The system may further comprise an audio beamformer having the two audio system input signals as input and a spatially filtered audio signal as output, the output signal serving as input signal to the output filtering block.
The features of the second aspect of the invention provide at least the same advantages as explained in accordance with the first aspect of the invention.
A third aspect of the invention relates to a headset comprising at least two microphones, a loudspeaker and a noise suppression system according to the second aspect of the invention, wherein the microphone signals serves as input signals to the noise suppression system.
BRIEF DESCRIPTION OF THE DRAWINGS
Preferred embodiments of the invention will be described in more detail in connection with the appended drawings, in which: Fig. 1 ) depicts a first embodiment of a system for noise suppressing an audio signal according to the invention.
Fig. 2) depicts a second embodiment of a system for noise suppressing an audio signal according to the invention.
Fig. 3) depicts an embodiment of a headset comprising a system for noise suppressing an audio signal according to the invention.
DESCRIPTION OF PREFERRED EMBODIMENTS
In fig.1 is shown an illustration of a system for noise suppressing an audio signal according to an embodiment of the invention. The system and an example of carrying out a method of noise suppressing an audio signal according to the invention will be described in details below.

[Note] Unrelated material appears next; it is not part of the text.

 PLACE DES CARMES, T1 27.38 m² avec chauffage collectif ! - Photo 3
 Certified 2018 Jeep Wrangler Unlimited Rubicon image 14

The system processes inputs from at least two audio channels such as the input from two audio microphones placed in a sound field comprising a desired sound source signal such as speech from the mouth of a user of a personal
communication device and an undesired background noise e.g. stationary or non-stationary background noise. A typical device for personal communication using the system for noise suppressing may be a headset such as a telephone headset placed on or near the ear of the user. Applying a noise suppression algorithm on the transmitted audio signal in the headset improves the perceived
quality of the audio signal received at a far end user during a telephone conversation.
Sound field information is exploited in order to discriminate between user speech and background noise and spatial features such as directionality, proximity and coherence are exploited to suppress sound not originating from the user's mouth.
The microphones typically have different distances to the desired sound source in order to provide signals having different signal to noise ratios making further processing possible in order to efficiently remove the background noise portion of the signal.
In fig. 1 , the microphone 1 closest to the mouth of the user is called the front microphone and the microphone 2 further away from the user's mouth is called the rear microphone. The microphones are adapted for collecting sound and converting the collected sound into an analogue electrical signal. However, to provide a digital output signal for further processing, the microphones may be digital or the audio system may have an input circuitry comprising A/D- converters (not shown). The first audio signal is fed to a first processing means 3, comprising a filter (H-filter), for phase - and amplitude alignment of the sound source of interest, e.g. speech from the headset user's mouth, thereby compensating for the difference in distance between the sound source and microphone 1 and the sound source and microphone 2. A second processing means (W-filter) 4 comprises a microphone matching filter which is applied to the output from the spatial matching filter to compensate for any inherent variation in microphone and input circuitry amplitude and phase sensitivity between the two microphones. A time delay (not shown) may be applied to the signal from the rear microphone 2 to time align the two microphone signals.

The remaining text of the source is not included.